4 – EPP pourrait être utilisé mais il est clairement trop complexe pour la plupart des clients.
5 – Mais cette API est particulièrement bien documentée, avec de nombreux exemples dans différents langages de programmation.
6 – Qu’on regroupe parfois sous l’acronyme RDDS (Registry Data Directory Service).
7 – Ce modèle avait été choisi par l’ICANN dans l’espoir qu’il permettrait de traiter le problème de la vie privée des utilisateurs. L’idée était que les BE seraient concurrents sur la protection des données personnelles et que les utilisateurs soucieux de vie privée iraient vers les BE les plus protecteurs.
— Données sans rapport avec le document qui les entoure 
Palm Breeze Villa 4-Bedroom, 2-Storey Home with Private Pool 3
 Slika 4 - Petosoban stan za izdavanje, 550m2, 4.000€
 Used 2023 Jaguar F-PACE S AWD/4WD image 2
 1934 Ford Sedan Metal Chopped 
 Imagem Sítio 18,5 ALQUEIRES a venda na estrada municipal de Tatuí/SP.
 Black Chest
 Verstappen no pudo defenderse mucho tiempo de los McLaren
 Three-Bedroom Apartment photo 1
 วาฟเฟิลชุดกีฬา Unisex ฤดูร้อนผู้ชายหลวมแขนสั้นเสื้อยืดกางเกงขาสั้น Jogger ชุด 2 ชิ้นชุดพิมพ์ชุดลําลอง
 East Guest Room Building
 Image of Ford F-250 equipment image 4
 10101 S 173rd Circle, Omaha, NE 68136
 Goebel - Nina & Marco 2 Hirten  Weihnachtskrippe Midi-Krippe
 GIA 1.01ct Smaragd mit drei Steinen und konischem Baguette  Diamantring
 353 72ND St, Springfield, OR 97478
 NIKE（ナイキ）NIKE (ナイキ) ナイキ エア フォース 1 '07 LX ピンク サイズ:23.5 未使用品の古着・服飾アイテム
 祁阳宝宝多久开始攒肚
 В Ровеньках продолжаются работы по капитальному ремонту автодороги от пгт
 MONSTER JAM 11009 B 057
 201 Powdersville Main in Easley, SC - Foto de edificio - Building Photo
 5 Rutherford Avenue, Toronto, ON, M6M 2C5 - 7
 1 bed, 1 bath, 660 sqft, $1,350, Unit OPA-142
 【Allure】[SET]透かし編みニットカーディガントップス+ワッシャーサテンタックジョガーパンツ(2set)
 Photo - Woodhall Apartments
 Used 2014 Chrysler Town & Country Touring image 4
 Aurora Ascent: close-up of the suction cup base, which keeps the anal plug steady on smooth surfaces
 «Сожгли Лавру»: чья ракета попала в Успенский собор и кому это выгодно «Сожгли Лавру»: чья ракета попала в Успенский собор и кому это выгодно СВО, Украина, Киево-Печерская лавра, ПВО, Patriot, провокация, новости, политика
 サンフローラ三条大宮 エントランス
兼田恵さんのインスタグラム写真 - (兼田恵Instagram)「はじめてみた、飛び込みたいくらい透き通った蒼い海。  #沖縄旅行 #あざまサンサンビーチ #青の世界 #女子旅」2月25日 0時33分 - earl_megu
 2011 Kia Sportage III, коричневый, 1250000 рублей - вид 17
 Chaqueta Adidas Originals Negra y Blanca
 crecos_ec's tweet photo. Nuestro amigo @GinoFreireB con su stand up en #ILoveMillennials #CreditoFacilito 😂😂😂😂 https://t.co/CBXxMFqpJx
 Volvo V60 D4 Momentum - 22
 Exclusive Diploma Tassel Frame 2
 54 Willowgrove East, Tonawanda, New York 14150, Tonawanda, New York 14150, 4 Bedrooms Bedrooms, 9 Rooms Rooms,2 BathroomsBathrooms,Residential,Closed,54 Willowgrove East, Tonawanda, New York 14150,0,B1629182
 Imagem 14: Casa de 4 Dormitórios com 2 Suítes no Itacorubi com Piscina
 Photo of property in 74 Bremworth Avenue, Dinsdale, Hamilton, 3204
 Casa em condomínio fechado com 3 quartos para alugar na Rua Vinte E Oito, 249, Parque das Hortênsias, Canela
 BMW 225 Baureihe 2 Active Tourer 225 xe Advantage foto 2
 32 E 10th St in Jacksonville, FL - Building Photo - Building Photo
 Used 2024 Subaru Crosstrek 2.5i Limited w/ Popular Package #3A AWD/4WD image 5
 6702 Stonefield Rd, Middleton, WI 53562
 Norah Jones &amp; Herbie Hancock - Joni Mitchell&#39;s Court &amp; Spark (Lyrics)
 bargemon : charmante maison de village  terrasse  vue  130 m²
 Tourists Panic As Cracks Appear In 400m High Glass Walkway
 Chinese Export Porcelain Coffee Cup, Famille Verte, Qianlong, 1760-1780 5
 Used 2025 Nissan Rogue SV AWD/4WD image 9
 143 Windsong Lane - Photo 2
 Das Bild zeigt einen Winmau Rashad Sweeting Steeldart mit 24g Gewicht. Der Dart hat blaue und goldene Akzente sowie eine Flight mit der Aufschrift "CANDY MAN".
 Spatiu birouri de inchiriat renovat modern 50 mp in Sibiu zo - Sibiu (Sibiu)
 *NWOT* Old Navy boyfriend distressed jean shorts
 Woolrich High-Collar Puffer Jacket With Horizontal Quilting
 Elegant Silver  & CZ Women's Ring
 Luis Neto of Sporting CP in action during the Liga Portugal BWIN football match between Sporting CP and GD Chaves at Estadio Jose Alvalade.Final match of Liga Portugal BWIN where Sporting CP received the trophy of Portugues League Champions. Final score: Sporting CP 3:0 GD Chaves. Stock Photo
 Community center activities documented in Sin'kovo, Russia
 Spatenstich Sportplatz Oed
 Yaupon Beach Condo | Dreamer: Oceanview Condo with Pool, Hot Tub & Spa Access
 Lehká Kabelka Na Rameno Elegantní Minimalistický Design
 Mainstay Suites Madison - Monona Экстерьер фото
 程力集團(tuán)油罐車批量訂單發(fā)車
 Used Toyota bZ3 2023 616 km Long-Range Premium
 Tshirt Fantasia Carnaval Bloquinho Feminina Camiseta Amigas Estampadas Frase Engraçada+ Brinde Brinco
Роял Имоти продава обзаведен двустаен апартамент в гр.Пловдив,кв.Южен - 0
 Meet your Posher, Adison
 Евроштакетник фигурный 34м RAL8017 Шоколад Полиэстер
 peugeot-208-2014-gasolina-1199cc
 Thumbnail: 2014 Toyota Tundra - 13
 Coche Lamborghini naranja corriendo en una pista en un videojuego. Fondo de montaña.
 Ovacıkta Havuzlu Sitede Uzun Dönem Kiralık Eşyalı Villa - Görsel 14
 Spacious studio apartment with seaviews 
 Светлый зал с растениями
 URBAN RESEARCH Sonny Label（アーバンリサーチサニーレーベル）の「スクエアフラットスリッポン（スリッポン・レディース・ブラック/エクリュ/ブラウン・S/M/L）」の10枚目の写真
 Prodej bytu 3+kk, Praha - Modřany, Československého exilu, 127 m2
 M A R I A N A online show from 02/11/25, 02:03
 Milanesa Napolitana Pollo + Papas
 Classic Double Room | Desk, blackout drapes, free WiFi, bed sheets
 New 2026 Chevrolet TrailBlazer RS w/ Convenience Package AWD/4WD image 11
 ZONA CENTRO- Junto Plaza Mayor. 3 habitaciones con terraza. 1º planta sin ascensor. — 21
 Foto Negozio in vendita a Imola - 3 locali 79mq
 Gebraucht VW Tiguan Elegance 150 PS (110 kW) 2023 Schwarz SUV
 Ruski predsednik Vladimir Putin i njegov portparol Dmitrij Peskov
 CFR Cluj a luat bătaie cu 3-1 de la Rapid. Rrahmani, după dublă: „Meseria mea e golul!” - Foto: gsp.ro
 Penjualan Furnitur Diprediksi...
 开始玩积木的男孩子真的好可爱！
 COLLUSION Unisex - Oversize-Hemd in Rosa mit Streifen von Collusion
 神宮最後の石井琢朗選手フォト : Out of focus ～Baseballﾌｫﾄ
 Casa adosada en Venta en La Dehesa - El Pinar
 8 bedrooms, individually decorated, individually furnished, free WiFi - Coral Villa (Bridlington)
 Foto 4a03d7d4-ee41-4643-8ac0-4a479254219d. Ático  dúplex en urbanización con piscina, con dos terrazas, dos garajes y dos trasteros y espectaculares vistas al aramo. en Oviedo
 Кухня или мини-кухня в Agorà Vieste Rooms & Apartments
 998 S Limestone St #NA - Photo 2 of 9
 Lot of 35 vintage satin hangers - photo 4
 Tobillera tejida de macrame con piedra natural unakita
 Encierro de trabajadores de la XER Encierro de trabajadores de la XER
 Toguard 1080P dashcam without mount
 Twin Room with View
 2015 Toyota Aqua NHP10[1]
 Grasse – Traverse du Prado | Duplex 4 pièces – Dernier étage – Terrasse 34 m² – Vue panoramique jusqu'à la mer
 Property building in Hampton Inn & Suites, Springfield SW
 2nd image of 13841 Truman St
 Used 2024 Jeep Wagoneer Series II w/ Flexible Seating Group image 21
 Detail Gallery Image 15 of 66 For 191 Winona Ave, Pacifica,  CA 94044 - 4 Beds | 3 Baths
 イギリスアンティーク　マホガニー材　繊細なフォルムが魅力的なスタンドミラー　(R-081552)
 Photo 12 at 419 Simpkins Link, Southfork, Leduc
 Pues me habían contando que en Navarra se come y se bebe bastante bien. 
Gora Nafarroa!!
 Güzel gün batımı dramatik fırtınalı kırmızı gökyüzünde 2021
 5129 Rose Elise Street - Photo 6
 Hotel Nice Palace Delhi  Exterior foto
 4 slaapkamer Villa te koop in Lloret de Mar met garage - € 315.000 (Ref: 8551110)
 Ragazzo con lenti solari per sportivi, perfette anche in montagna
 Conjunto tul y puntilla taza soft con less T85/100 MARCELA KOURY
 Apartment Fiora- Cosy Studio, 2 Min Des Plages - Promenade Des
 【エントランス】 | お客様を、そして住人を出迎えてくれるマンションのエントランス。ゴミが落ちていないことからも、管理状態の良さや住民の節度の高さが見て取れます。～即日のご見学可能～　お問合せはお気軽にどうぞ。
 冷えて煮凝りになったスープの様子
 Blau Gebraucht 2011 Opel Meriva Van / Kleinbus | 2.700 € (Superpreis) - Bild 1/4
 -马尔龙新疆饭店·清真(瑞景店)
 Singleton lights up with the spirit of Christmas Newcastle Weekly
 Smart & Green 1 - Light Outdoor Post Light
En pratique, ce fut un échec, à la fois parce que certaines lois, comme le RGPD en Europe, imposent des protections minimales, et ne laissent pas le marché en proposer moins, et aussi parce qu’il est difficile pour l’utilisateur de choisir un BE, et que des promesses vagues « nous protégeons votre vie privée » ne sont pas évidentes à interpréter.
8 – En pratique, l’ICANN impose aux BE qu’elle accrédite, de tels serveurs whois et RDAP, même s’ils ne travaillent qu’avec des registres épais. Ceci dit, vu l’importance de .com, la plupart des BE ont à gérer au moins un registre mince.